Biologist explores man-made barriers between us and nature
There is a fundamental imbalance to the developed world. Things were better in the past. Modern medicines or maybe modern habits in general are killing us.
These sentiments have all picked up steam in recent years amid heightened coverage of the myriad ecological and epidemiological problems faced by our rapidly growing human civilization. They have manifested themselves as popular fears that range from the well-founded (questions about whether we should be constantly pumping antibiotics into every human being and many of the animals we eat) to the baseless and potentially harmful (the claim that there is a link between vaccines given to infants and autism).
There’s a general sense that we’ve gone off track, that we face not only a set of problems, but also a system of our own design that endlessly spits out new variations of them.
Into this zeitgeist steps Rob Dunn, a biology professor at North Carolina State University as well as a science journalist, with his fascinating book, “The Wild Life of Our Bodies: Predators, Parasites, and Partners That Shape Who We Are Today.’’
Dunn is concerned that the barriers we have erected between ourselves and nature are harming us. “Our disconnection from the nature in which we evolved,’’ he writes, “is unprecedented in its extent and in its consequences.’’ Dunn means this to be interpreted loosely and on many levels. It’s not just that the air is no longer as fresh as it used to be. It’s also that the microbes in our guts, many of them useful, have been assaulted by the onset of modern sanitation, possibly giving rise to previously rare ailments like Crohn’s disease (Dunn is careful to note that this and many of the claims in his book remain speculative); or that the same fight-or-flight mechanism that evolved to provide us with a burst of potentially life-saving energy when we encountered a predator makes some of us anxious and depressed now that we have killed off most of those predators.
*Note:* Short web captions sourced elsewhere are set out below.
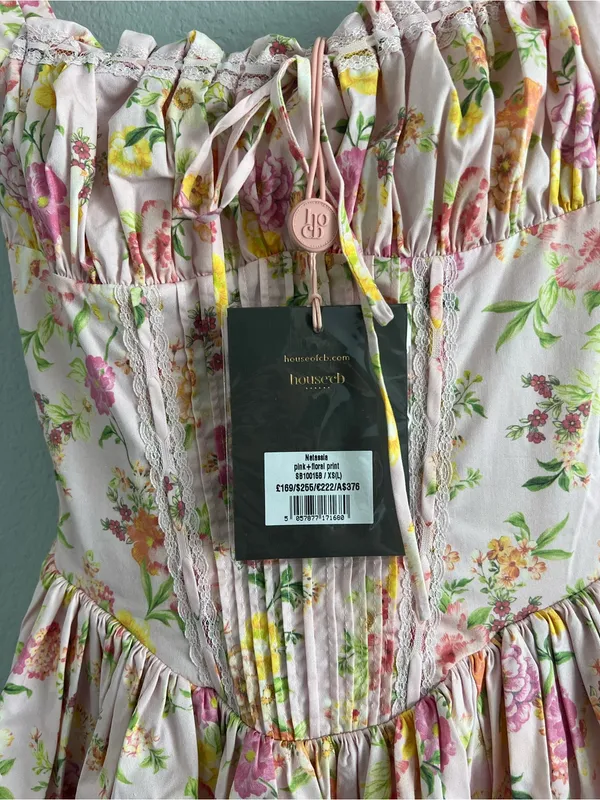 NWT HOUSE OF CB NATASSIA - Pink Meadow Cotton Mini Dress Size XS Longer length - Image 14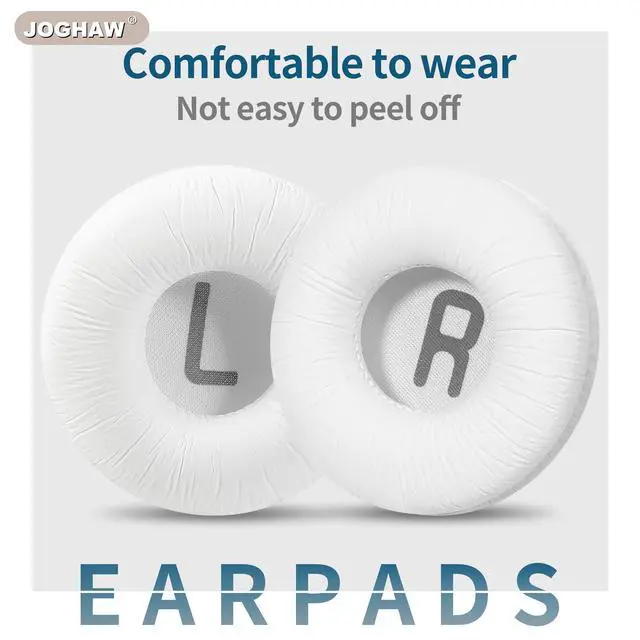 Alt view image 5 of 7 - Headphones Replacement Ear Pads, Cushions for JBL Tune T500BT/T450BT/510BT/520BT/570BT, Crinkled Leather Enhanced Breathability and Friction Ear Pads Cushions with High-Density Foam - White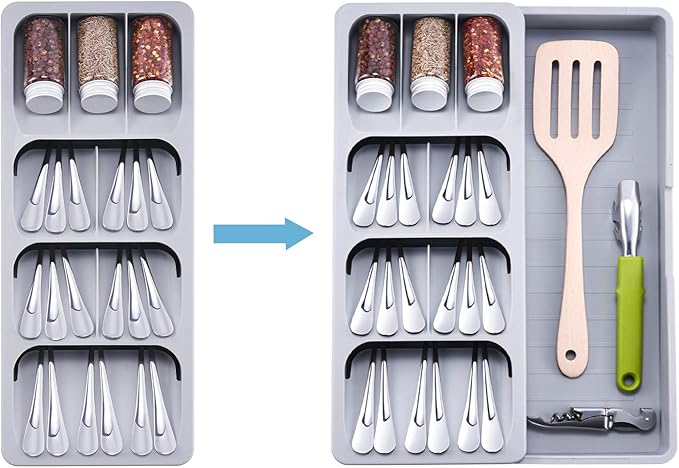 Expandable Kitchen Drawer Organizer, Adjustable Cutlery Trays and Utensil Holder, Kitchen Drawer Dividers Storage for Silverware, Flatware, Knives, Spoons, Gray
In short, we have worked tirelessly to build a clean, safe way of living that might be killing us in surprising ways. It’s a broad, provocative argument that gives Dunn room to meander, from the fascinating agriculture of leafcutter ants (which carefully cultivate useful fungi) to the burgeoning movement among some Crohn’s sufferers to intentionally infect themselves with parasites mostly absent in the first world, where the disease is becoming more common, but prevalent in the third, where it is not. He introduces us to an endless variety of thinkers and ideas in anthropology, ecology, zoology, and countless other fields.
Dunn’s writing is a pleasure to read. He is not a biologist moonlighting as a writer; he is both. Thereis nothing dry or clinical about his prose. Occasionally, his language escapes its leash, but for the most part is as inviting as it is colorful.
Dunn also does a wonderful job interspersing history, research, and speculation with real-life human beings. He has a natural flair for drama and tension, and most of the human stories told in “The Wild Life of Our Bodies’’ quicken the pulse, from the saga of a man enlisted by a traumatized village to kill a murderous tiger in early-20th century India to the gut-wrenching tale of a 1942 appendectomy performed by a “surgeon’’ with almost no medical experience on a US submarine while Japanese destroyers patrolled above.
The book is not without shortcomings, however. For one thing, Dunn sometimes fails to fully deliver on some of the more interesting ideas he hints at. It’s tantalizing to think about a link between evolutionary responses to predators and the current spate of anxiety disorders, but Dunn doesn’t spend much time examining what this would entail; it comes across as a throwaway thought, albeit a fascinating one. This happens a few times in a few different areas.
But this is a quibble, really, given how much this book offers. It’s a highly readable, informative mashing of ideas and disciplines.